Bruciata la discoteca gay, allarme intolleranza

RomaAdesso hanno paura. E tanta. Gli omosessuali scoprono improvvisamente una capitale intollerante alla diversità e si sentono pericolosamente soli. Soprattutto dopo l’episodio avvenuto l’altra notte quando i «soliti ignoti» hanno cercato di dare alle fiamme la discoteca «Qube», simbolo a Roma del mondo gay. E questo a distanza di pochi giorni dall’aggressione ai danni di una coppia omosessuale avvenuta al Gay Village; il cui responsabile, Alessandro Sardelli, 40enne pregiudicato romano noto col nome di «Svastichella», è stato arrestato l’altro ieri.
Intorno alle 22.15 di martedì i vigili del fuoco sono dovuti intervenire per spegnere un principio di incendio davanti all’ingresso del locale, in via di Portonaccio, nel quartiere periferico della Tiburtina.
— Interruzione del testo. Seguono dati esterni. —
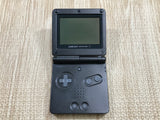 GameBoy Advance SP Onyx Black Console Nintendo Japan - With Defects LG8234
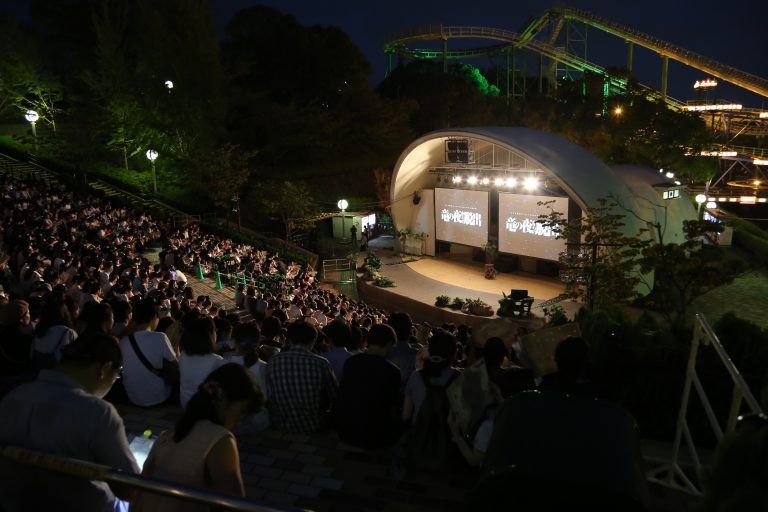 『竜の夜からの脱出』大阪公演のようす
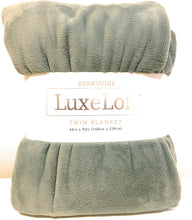 Load image into Gallery viewer, Bedding Berkshire Life LuxeLoft Blanket (SAGE Queen) #141502
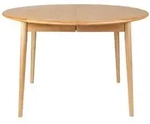 Zuiver Esstisch, Beige, Holz, 120x76x160 cm, Esszimmer, Tische, Esstische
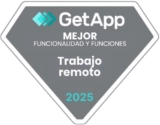 GetApp – Best Functionality and Features (Remote Work) 2025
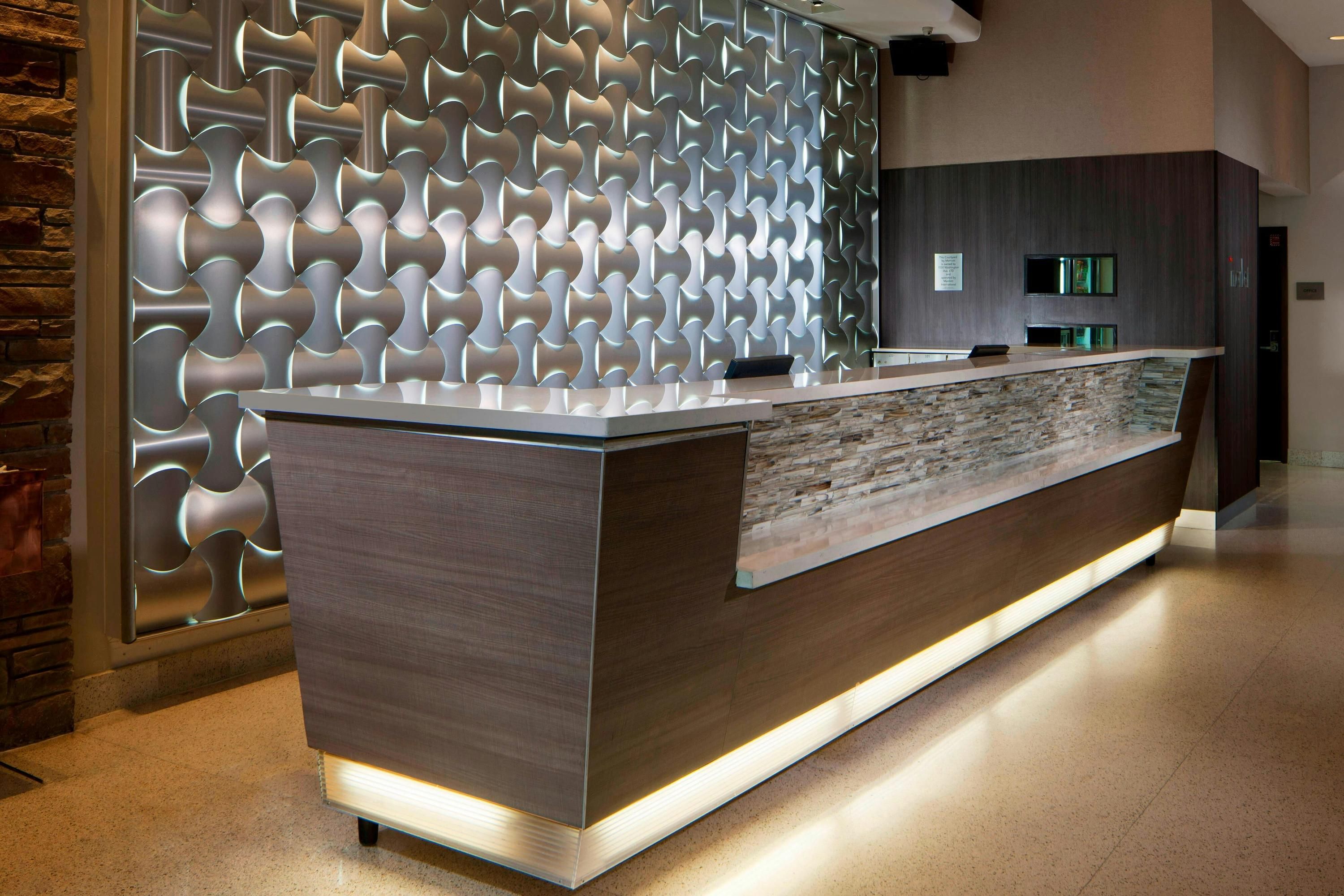 Front desk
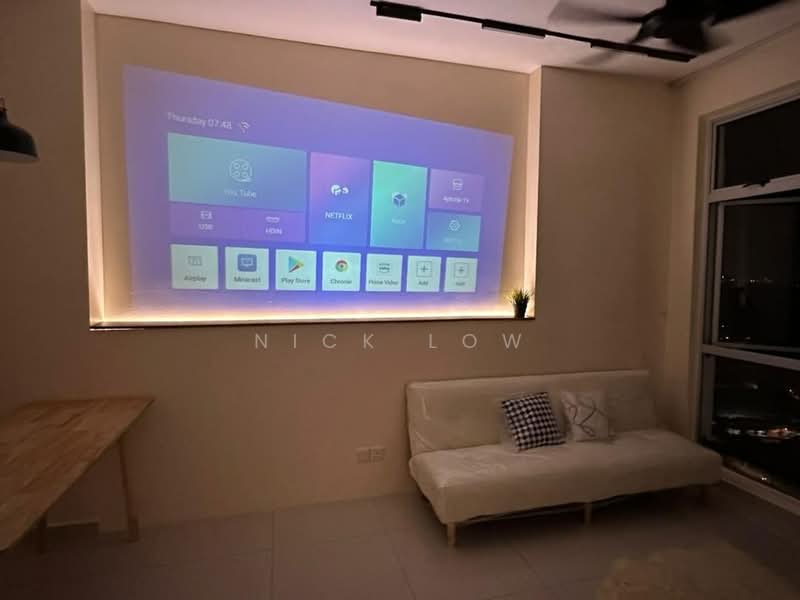 Service Residence for Rent at Midas @ Seri Alam - Nick Low - Living Room - PropertyGuru.com.my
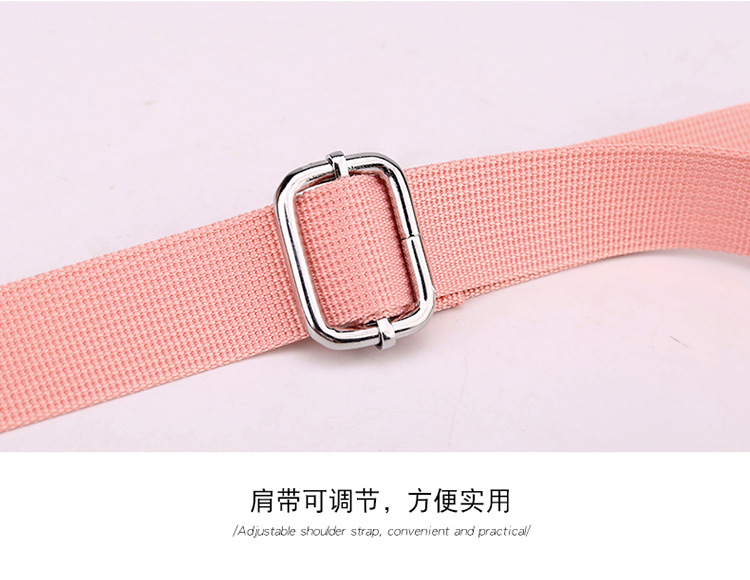 New cross-border women's bag, large-capacity waterproof crossbody bag, simple and fashionable handbag, nylon women's bag, mom bag undefined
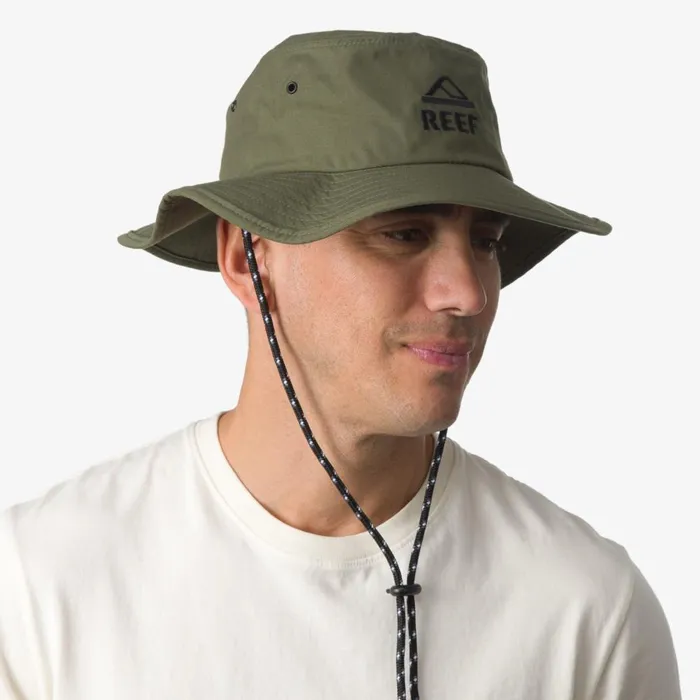 Reef Hats and Beanies Men Sammy Sun Hat Thyme
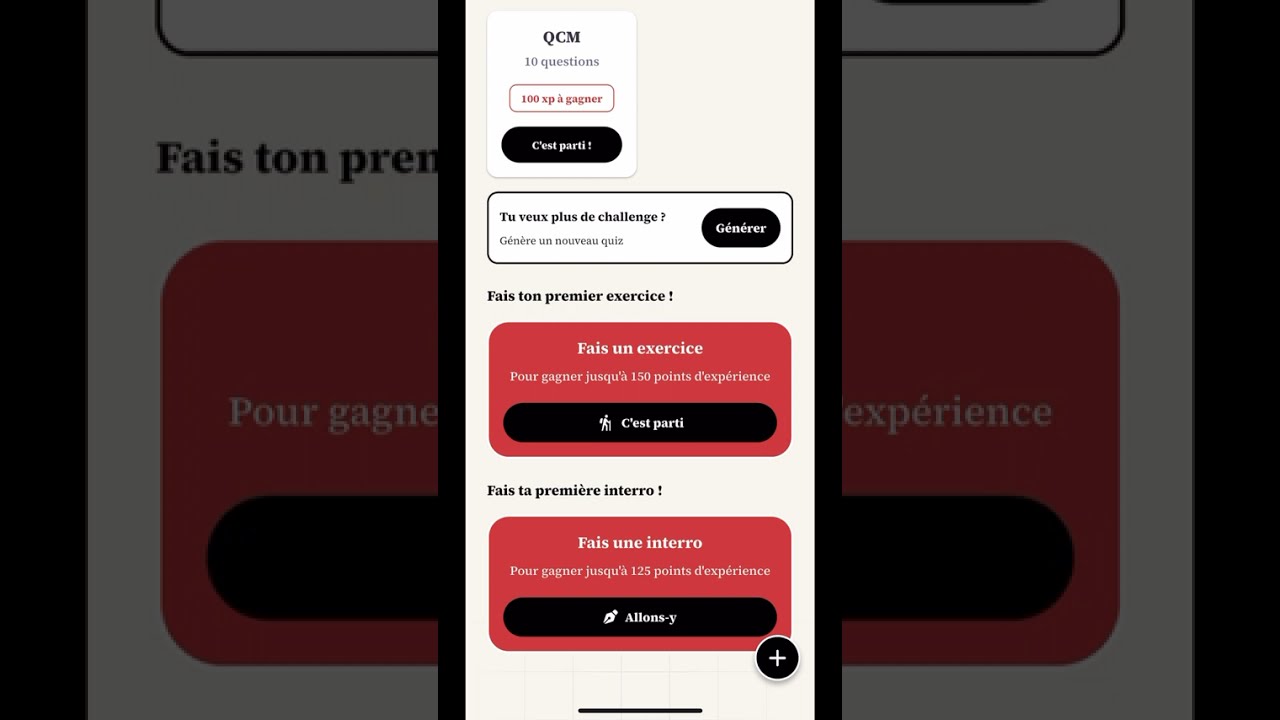 Tuteur IA Cours Legendre - démonstration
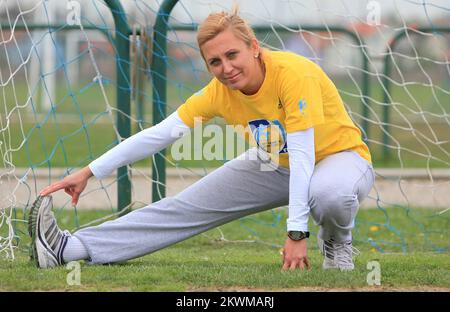 Lada Rojc is a soccer referee and a professor of geography in ...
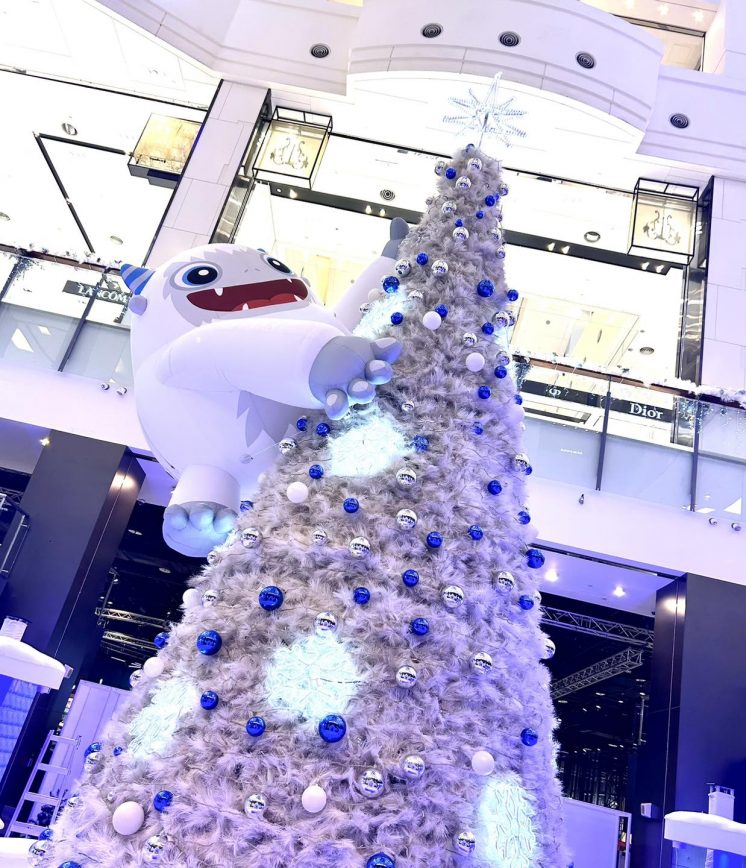 桃園台茂購物中心聖誕樹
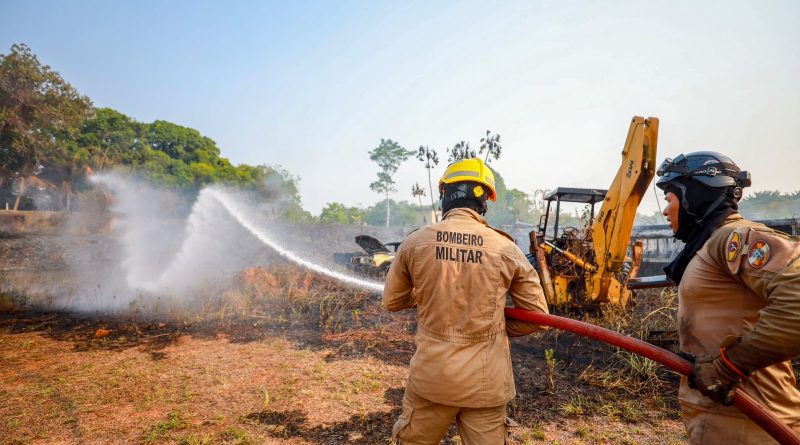 Incêndios disparam 540% no Amazonas e ultrapassam 5,4 mil ocorrências em 2026 Incêndios disparam 540% no Amazonas e ultrapassam 5,4 mil ocorrências em 2026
Si è trattato di un’azione dimostrativa, considerando che la discoteca in questo periodo è chiusa per lavori di ristrutturazione e gli ultimi operai erano usciti da poco. Danneggiati l’ingresso e la biglietteria, ma il denso fumo ha rovinato anche le pareti dei piani sovrastanti. Nessun dubbio sull’origine dolosa del rogo: davanti all’entrata, oltre ai vetri infranti, è stato infatti trovato del liquido infiammabile. Qualcuno insomma voleva bruciare il ritrovo più famoso della comunità omosessuale della capitale, quello per intenderci che ogni venerdì ospita la serata «Muccassassina», la principale festa gay, lesbica e transessuale di Roma. Da qui, ad esempio, è partito Vladimir Luxuria, prima di diventare parlamentare nelle file di Rifondazione comunista.
Ma se l’azione delittuosa è certa, non altrettanto può dirsi per la matrice omofoba. Lo dicono gli inquirenti, ma lo dice soprattutto la direzione stessa del locale: «Lo scorso anno ci furono aggressioni durante feste gay, noi comunque siamo chiusi per ristrutturazione. Per ora non abbiamo elementi per poter confermare il movente omofobo del gesto incendiario ai danni del nostro locale. Certamente possiamo escludere intimidazioni o pressioni di qualsiasi genere. Il nostro locale in verità non è un locale per omosessuali, da anni organizziamo solo una serata settimanale, il party “Muccassasina”, dedicato ai gay».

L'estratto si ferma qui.